• **YOUR INSTRUCTIONS**: Copy the entries that appear below in full, leaving out any picture among them.

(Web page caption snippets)
○ ○ ○ ○ ○ ○ ○

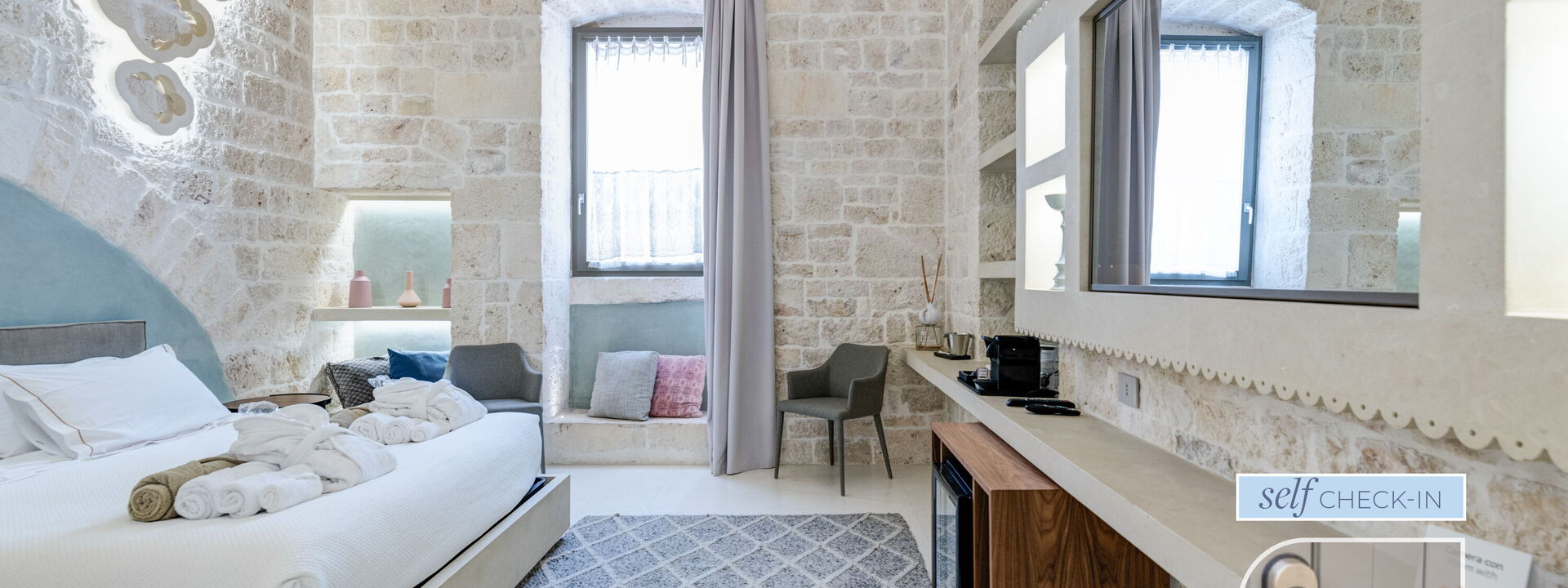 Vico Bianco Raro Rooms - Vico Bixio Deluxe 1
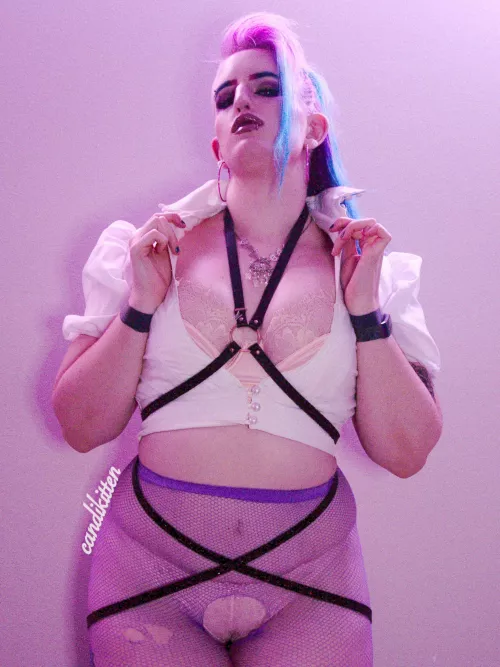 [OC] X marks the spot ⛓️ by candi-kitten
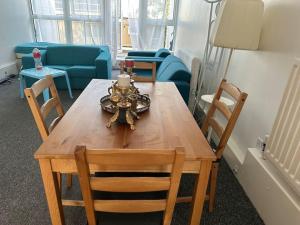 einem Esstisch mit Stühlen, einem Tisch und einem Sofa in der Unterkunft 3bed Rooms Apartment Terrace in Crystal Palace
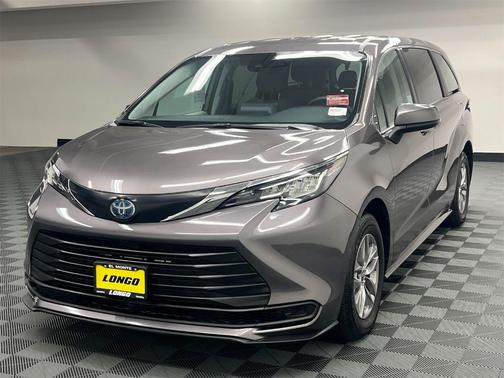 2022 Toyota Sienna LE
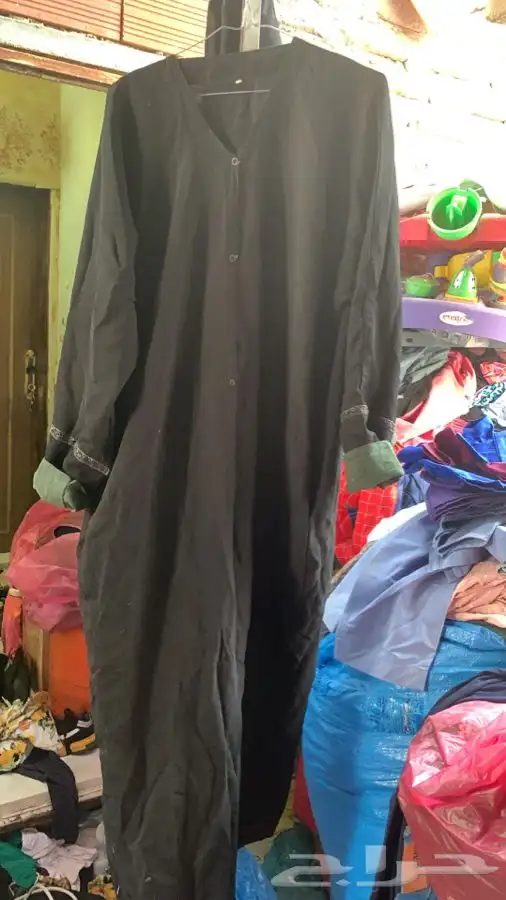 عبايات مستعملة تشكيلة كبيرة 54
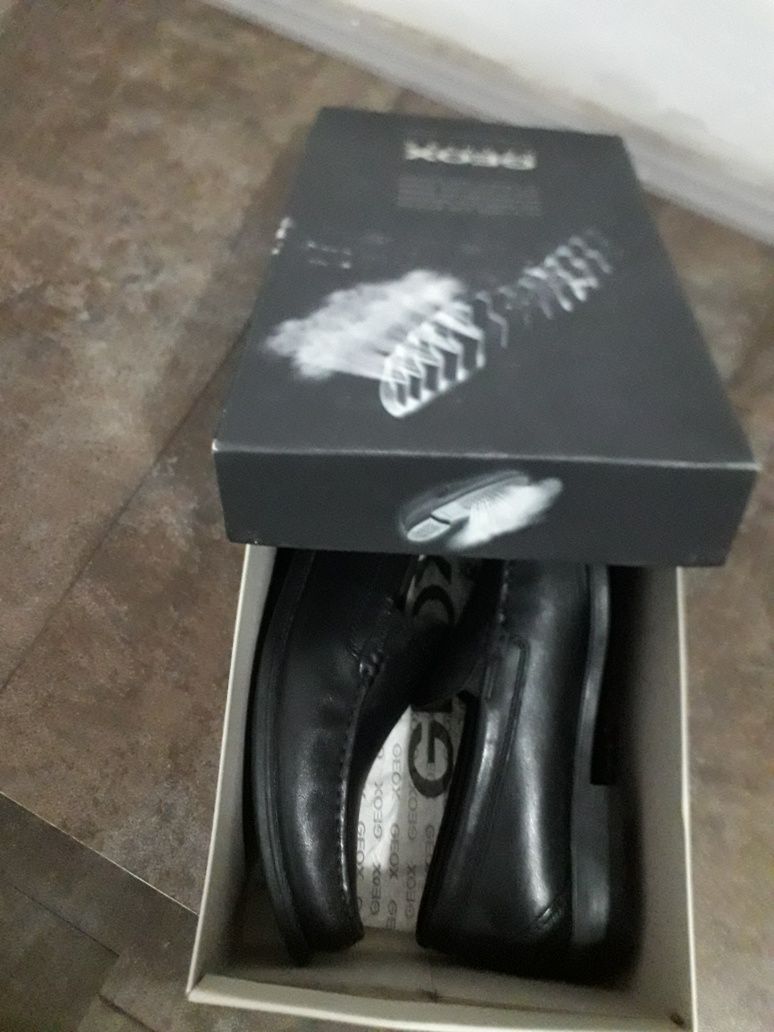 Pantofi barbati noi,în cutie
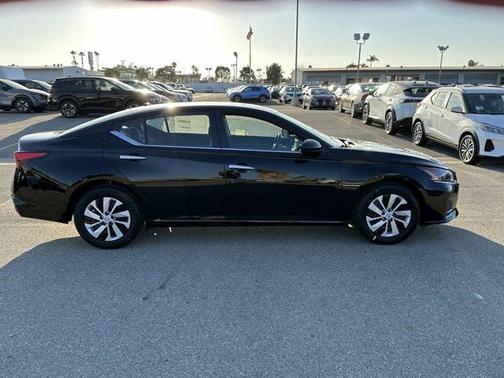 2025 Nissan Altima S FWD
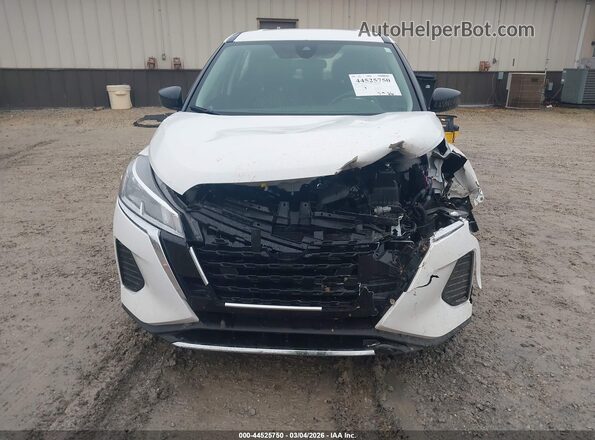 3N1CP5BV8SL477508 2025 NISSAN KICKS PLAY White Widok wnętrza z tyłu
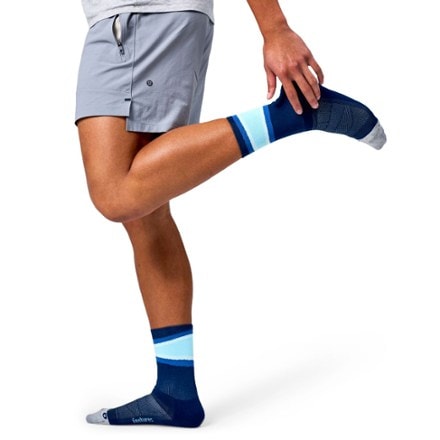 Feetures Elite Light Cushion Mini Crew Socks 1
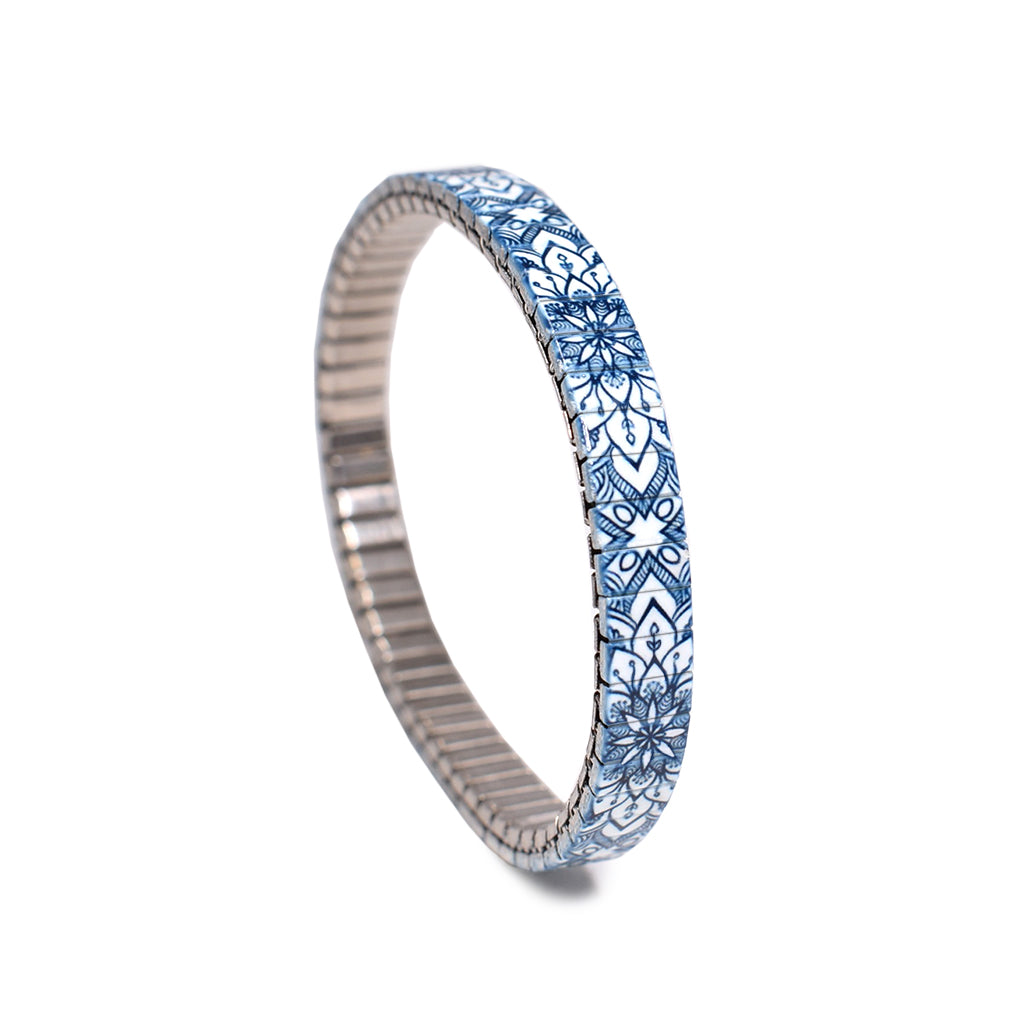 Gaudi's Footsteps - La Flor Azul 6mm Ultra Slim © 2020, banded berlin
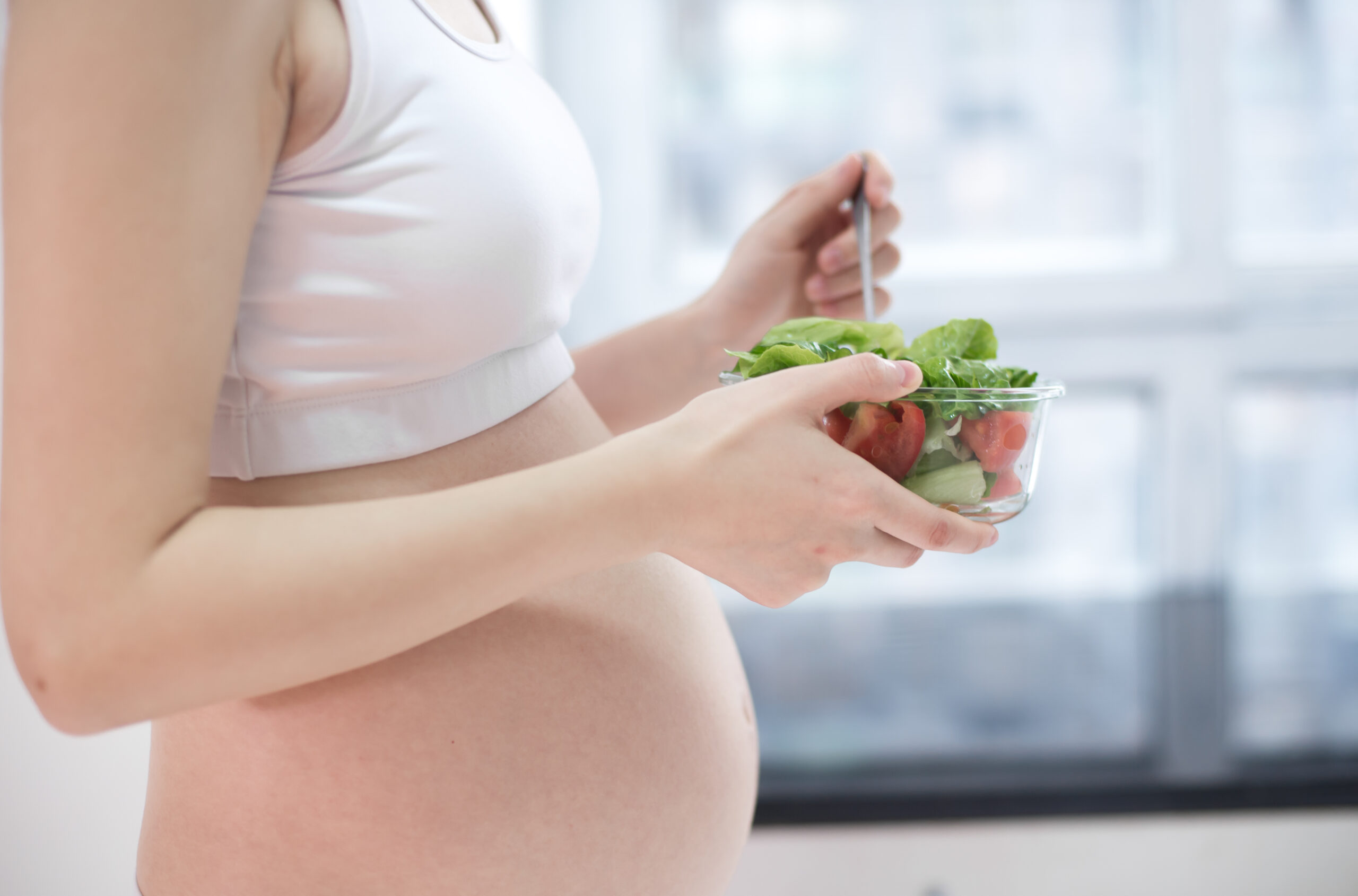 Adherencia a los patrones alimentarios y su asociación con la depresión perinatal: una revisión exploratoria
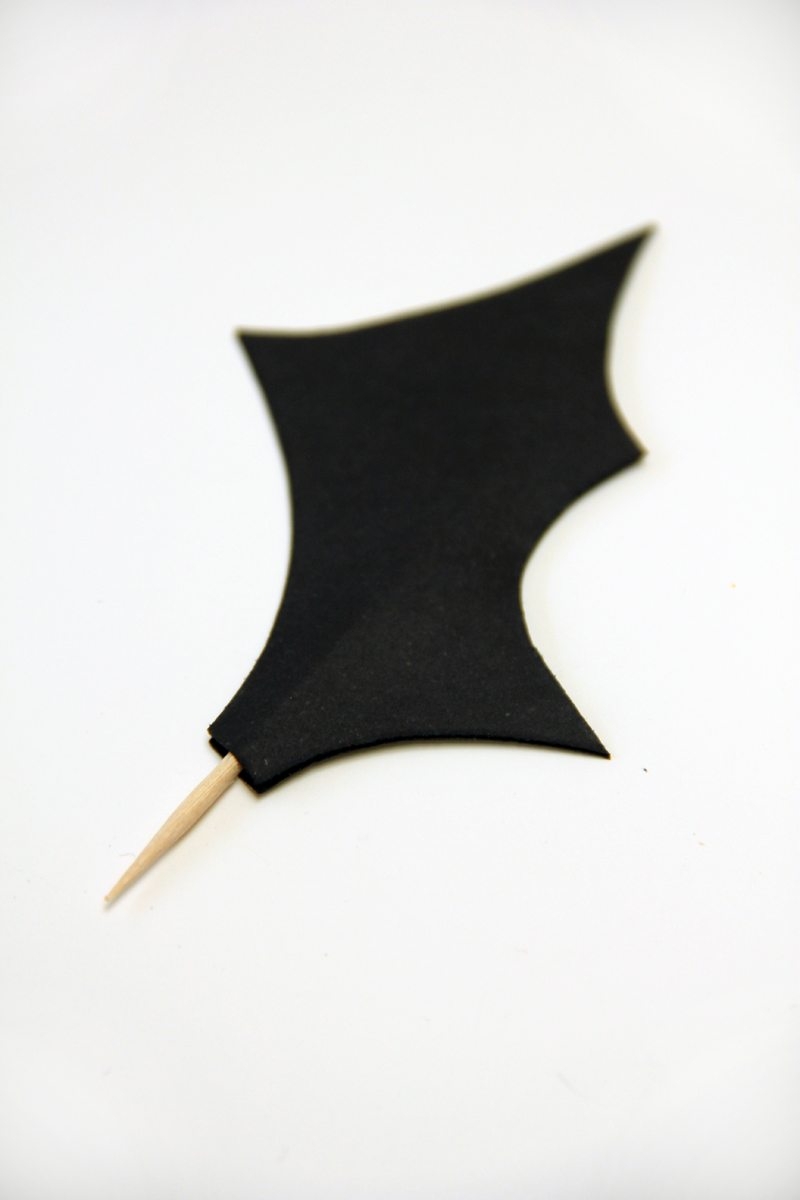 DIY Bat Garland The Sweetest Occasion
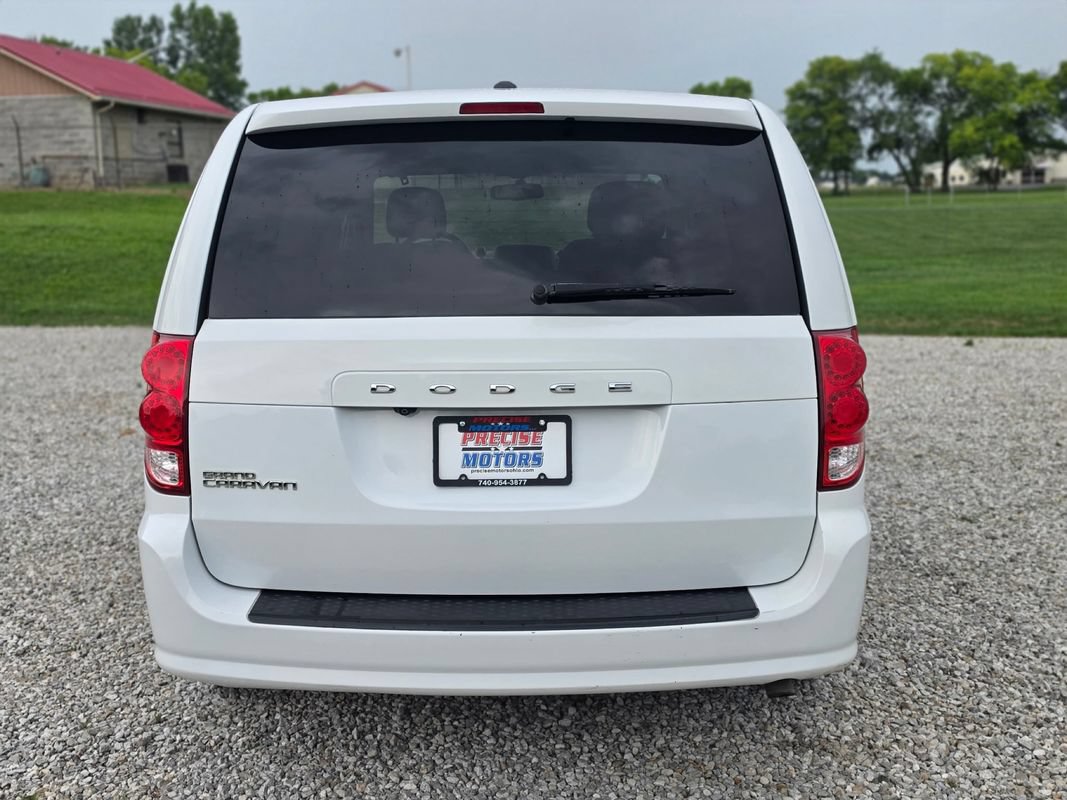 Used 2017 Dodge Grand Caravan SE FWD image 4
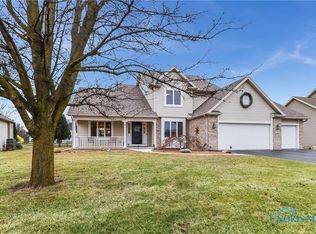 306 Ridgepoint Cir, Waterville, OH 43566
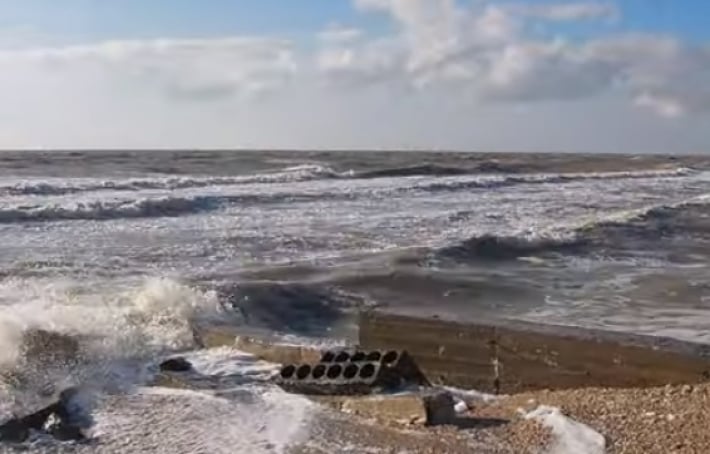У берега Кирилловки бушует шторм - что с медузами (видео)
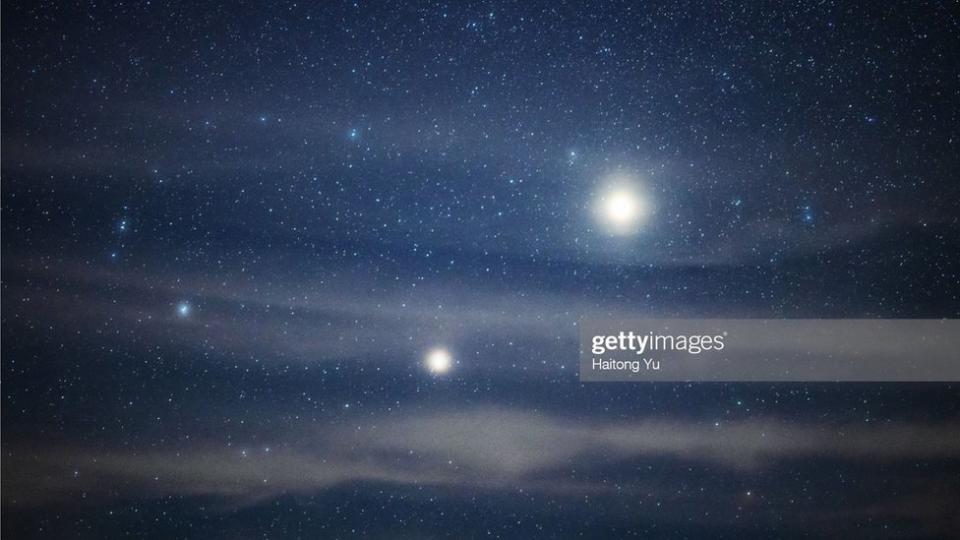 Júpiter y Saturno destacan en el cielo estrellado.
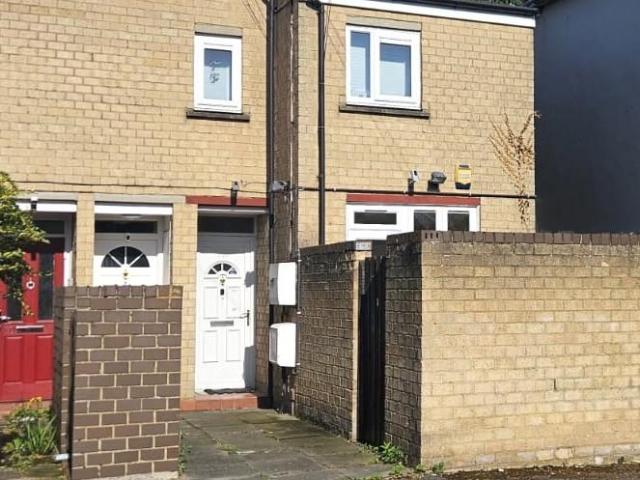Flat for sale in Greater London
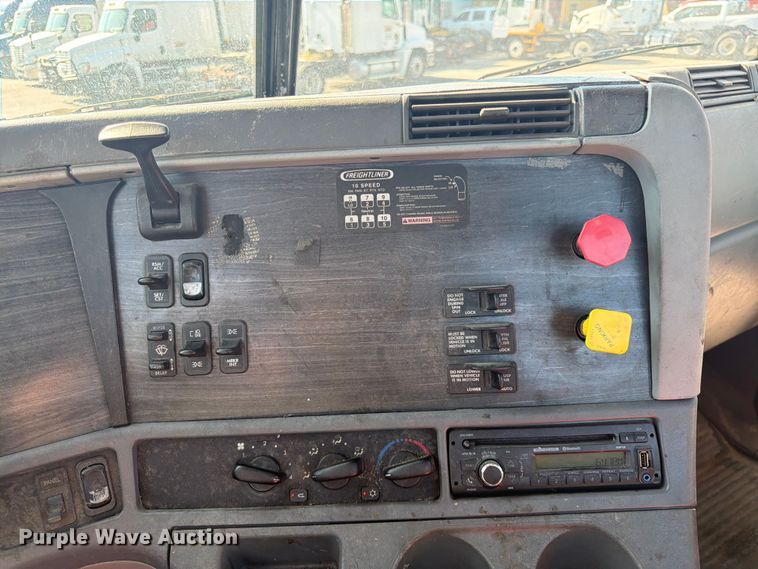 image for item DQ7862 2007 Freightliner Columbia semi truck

○ ○ ○ ○ ○ ○ ○

• **FINAL ANSWER**:
 Vico Bianco Raro Rooms - Vico Bixio Deluxe 1
 [OC] X marks the spot ⛓️ by candi-kitten
 einem Esstisch mit Stühlen, einem Tisch und einem Sofa in der Unterkunft 3bed Rooms Apartment Terrace in Crystal Palace
 2022 Toyota Sienna LE
 عبايات مستعملة تشكيلة كبيرة 54
 Pantofi barbati noi,în cutie
 2025 Nissan Altima S FWD
 3N1CP5BV8SL477508 2025 NISSAN KICKS PLAY White Widok wnętrza z tyłu
 Feetures Elite Light Cushion Mini Crew Socks 1
 Gaudi's Footsteps - La Flor Azul 6mm Ultra Slim © 2020, banded berlin
 Adherencia a los patrones alimentarios y su asociación con la depresión perinatal: una revisión exploratoria
 DIY Bat Garland The Sweetest Occasion
 Used 2017 Dodge Grand Caravan SE FWD image 4
 306 Ridgepoint Cir, Waterville, OH 43566
У берега Кирилловки бушует шторм - что с медузами (видео)
 Júpiter y Saturno destacan en el cielo estrellado.
Flat for sale in Greater London
 image for item DQ7862 2007 Freightliner Columbia semi truck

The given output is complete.